Consider the following game. You have a bank account that is compounded continuously with an interest rate of $r_1$. Your banker offers you the following deal. At any time in the future, you can pay $c$ dollars using only the interest from the account to increase your interest rate to $r_2$. If your balance is $b$ at the time of the upgrade, then your balance will remain at $b$ for $c/(r_1 b)$ years which is the time required to pay $c$ dollars from interest alone. Other than paying for the interest upgrade, you can never add or subtract any money until retirement which is very far in the future. When should you accept the banker’s offer? Let’s call this game “the second banker’s problem”. (We assume that $c, r_1,$ and $r_2$ are positive real numbers and $1>r_2> r_1>0$.)
(This game is similar to purchasing a growth technology in the game Master of Orion (Original 1993 version). For example, if you buy the “Improved Industrial Tech 9″ technology early in the game, the cost of factories is reduced for the remainder of the game. Reducing the cost of factories increases your economy’s growth rate.)
(All proofs for the second banker’s problem can be found in this PDF.)
For the first banker’s problem, the balance in the account is immediately reduced by $c$ dollars and the interest rate is immediately increased to $r_2$. See this blog post or this PDF for an analysis of the first banker’s problem. The third banker’s problem allows the saver to buy two separate interest rate increases.
For the second banker’s problem, you might be tempted to say that you should buy the interest rate increase as early as possible, but that might be bad if $c/(r_1 b)$ is a large number of years. On the other hand, there is no reason to buy the interest rate upgrade if the time to retirement is less than $c/(r_1 b)$ years.
Optimal Purchase Time
Perhaps surprisingly, the optimal time to purchase the interest rate hike is the same for the first and the second banker’s problems.
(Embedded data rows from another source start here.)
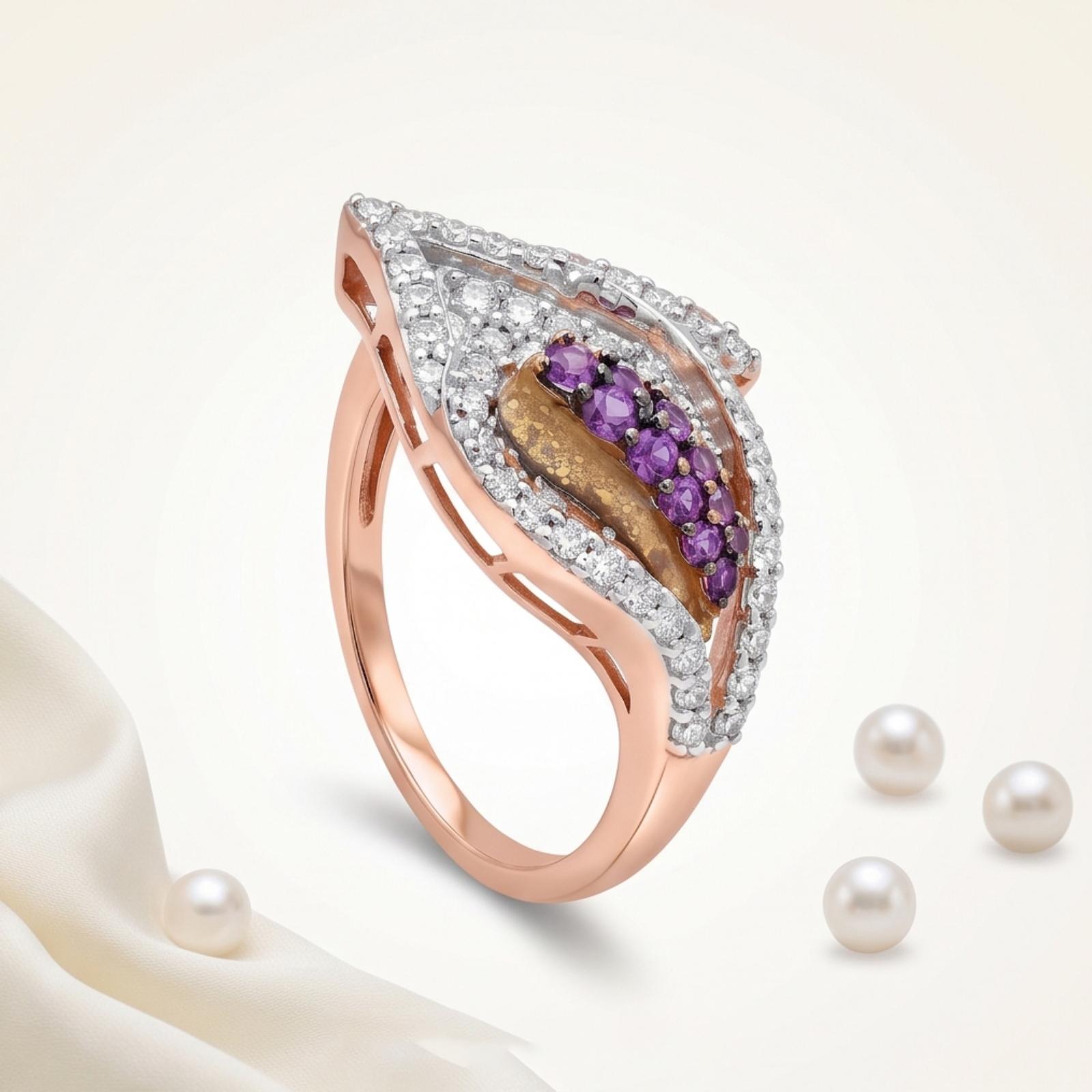 18K Gold Diamond Ring with Timeless Appeal - Image 4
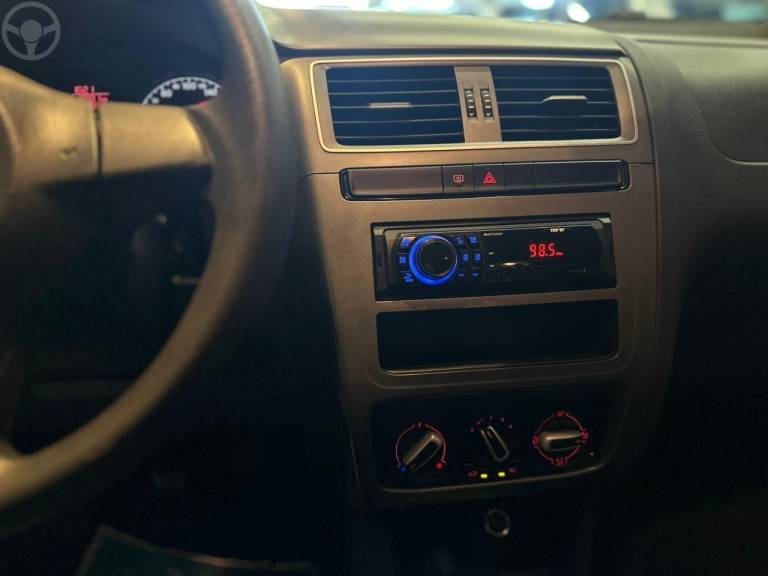 VOLKSWAGEN - FOX 1.0 MI TRENDLINE 8V FLEX 4P MANUAL - 2014/2015 - VERMELHA - R$ 43.900,00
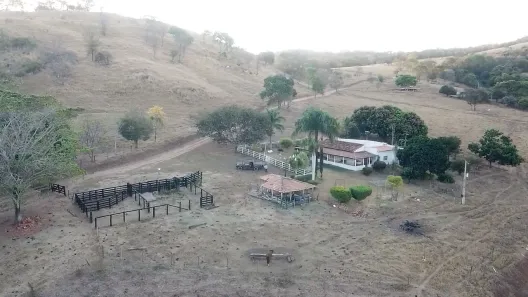 Fazenda/Sítio com 3 Quartos à venda, 5m² no Área Rural de Inhumas, Inhumas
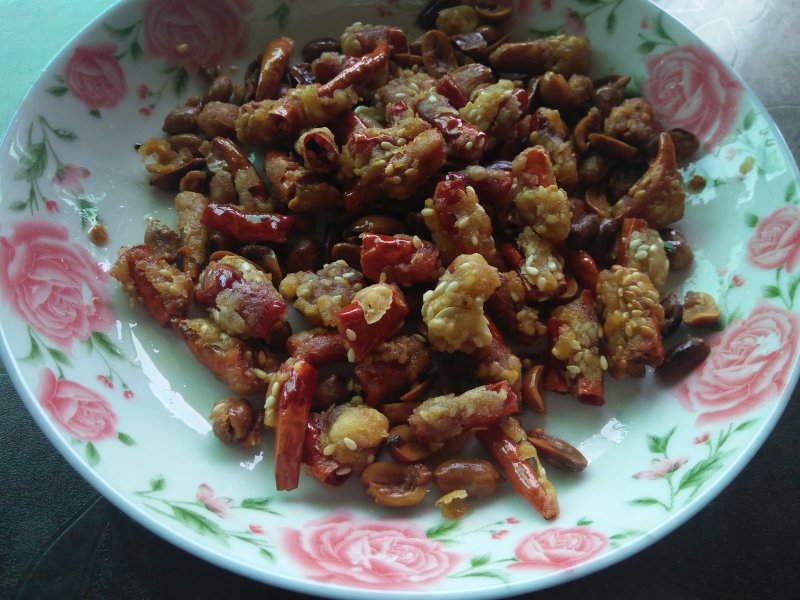 Crispy Spicy Peanut with Chili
For either problem, you should take the deal at time
$$t_{\mathrm{buy}}=\frac{1}{r_1}\ln\left(\frac{c \; r_2 }{B_0(r_2-r_1)}\right)$$
where $B_0$ is the amount of money in the account at time zero, and $\ln(x)$ is the natural log. $$\ln(x) = \frac{\log_{10}(x)}{\log_{10}(e)}.$$ I was a bit surprised to find that the optimal purchase time $t_{\mathrm{buy}}$ for the second banker’s problem is the same as the optimal purchase time for the first banker’s problem.
The amount of money in the account at the optimal purchase time is $$b_{\mathrm{opt}} = \frac{c \; r_2 }{r_2-r_1}.$$
Example
For example, if
- you initially have \$1000 in the account,
- the cost of increasing the interest rate is \$1,100,
- $r_1=0.05=5\%$, and
- $r_2=0.08=8\%$,
then the the correct time to buy the interest rate increase is
$$
\begin{aligned}
t_{\mathrm{buy}}&=\frac{1}{r_1}\ln\left(\frac{c \; r_2 }{B_0(r_2-r_1)}\right)\\
&=\frac{1}{0.05}\ln\left(\frac{1100\cdot 0.08 }{1000(0.08-0.05)}\right)\\
&=\frac{1}{0.05}\ln\left(\frac{88 }{1000(0.03)}\right)\\
&=20\ln\left(\frac{88 }{30}\right)\\
&\approx21.5228\ \mathrm{years.}
\end{aligned}
$$
In the diagram above, the black line shows the results of paying \$1,100 from interest starting at year 21.5228, the optimal time to start paying for the interest rate upgrade. The orange line shows what happens if the player does not invest before year 50. The yellow line shows the result if she or he starts paying for the investment on year 5.